- The Washington Times - Friday, December 18, 2009

RICHMOND | The austere budget that Gov. Tim Kaine plans to submit will, among other things, scale back the share that state government contributes to Virginia employee retirement plans.

A state official familiar with some portions of what Mr. Kaine will present said that for the first time in nearly 30 years, the state will no longer cover the full 5 percent employees’ contribution to their pension plans.

The official was not authorized to preview the governor’s Friday address to legislative budget committees.

Since the early 1980s, the state has paid its employees retirement contribution. Mr. Kaine will propose decreasing it to 4 percent starting July 1, then to 3 percent starting July 1, 2011.

The change is the result of excruciating choices forced upon Mr. Kaine in coping with a projected $3.6 billion revenue shortfall for the new two-year budget, which takes effect July 1.

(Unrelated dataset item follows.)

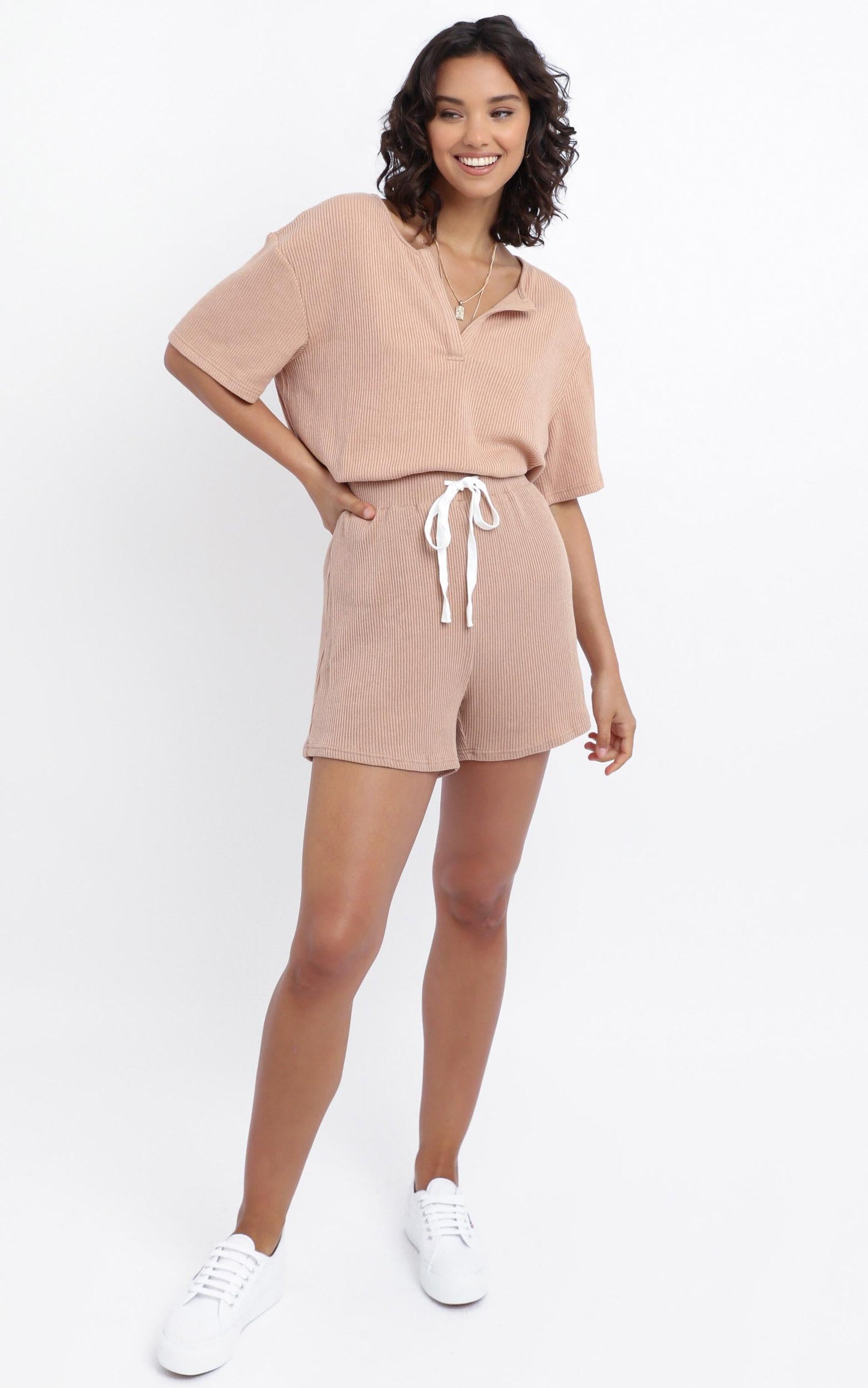 Avalon Shorts in Tan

Mr. Kaine has already cut about $7 billion from the existing budget because of what the worst economic downturn since the Great Depression has wrought on Virginia’s state tax collections since 2007.

Other items the official said Mr. Kaine will include in his spending plan presented to the House Appropriations Committee, and House and Senate Finance committees include:

- Providing $12 million each of the next two fiscal years for the Governor’s Opportunity Fund, the account that chief executives use as a tool in recruiting new or expanding companies to Virginia. By including the money, Mr. Kaine, a Democrat, gives Gov.-elect Robert F. McDonnell, a Republican, a fully stocked arsenal that he can begin using when he is sworn in Jan. 16 in advancing his goal of bringing jobs to the state.

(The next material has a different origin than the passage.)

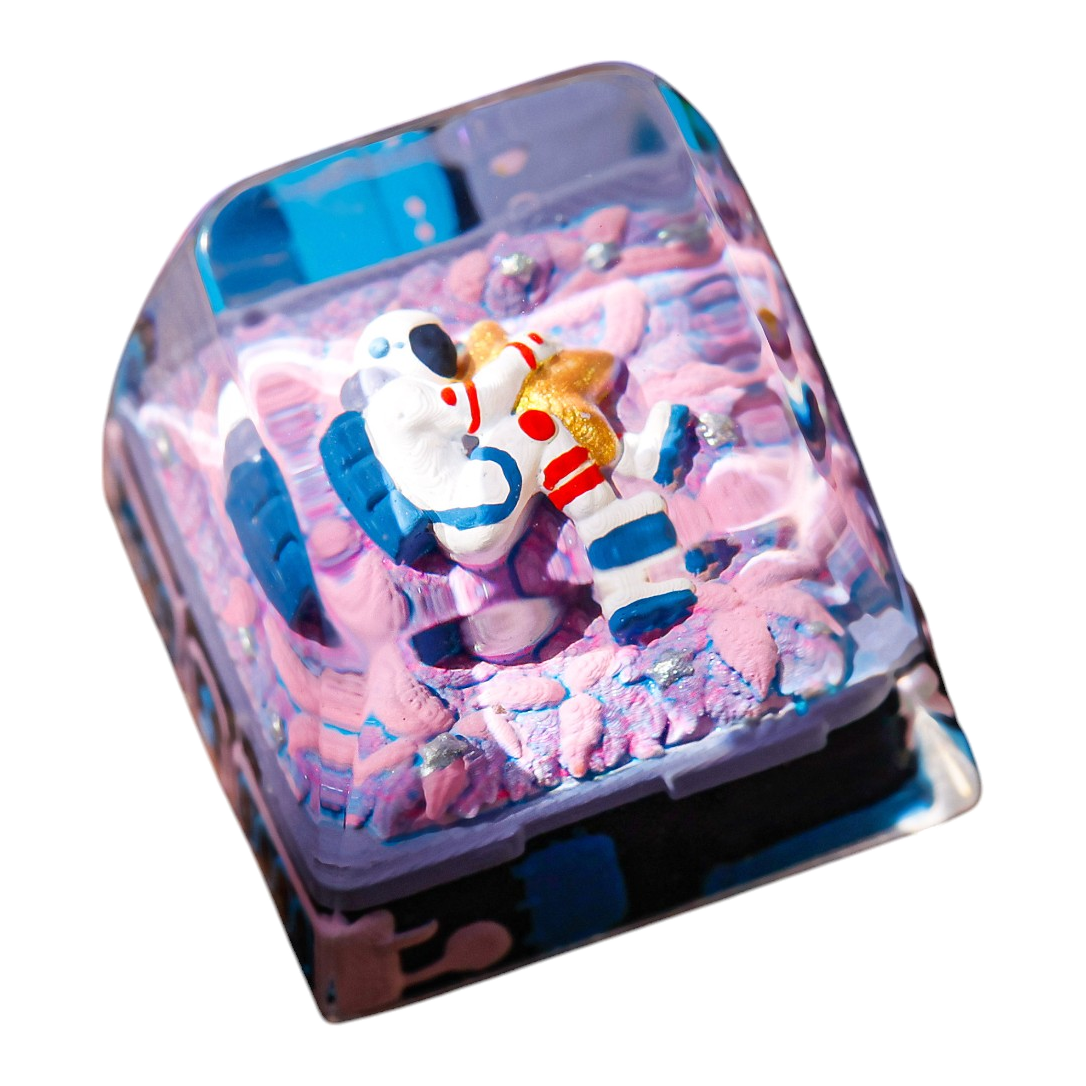Astronaut Blue #3 resin artisan keycap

- Eliminating the sliver of the retail sales and use tax that merchants were allowed to keep for generations for their trouble in collecting and remitting the tax. Mr. Kaine has said computerized business systems greatly decrease the headaches that retailers endured in turning the revenue over to the state’s Department of Taxation each month. But the state’s retail merchants association contends that the move will pose a hardship to stores at a difficult time. The state expects to gain $60 million to $70 million in additional revenue.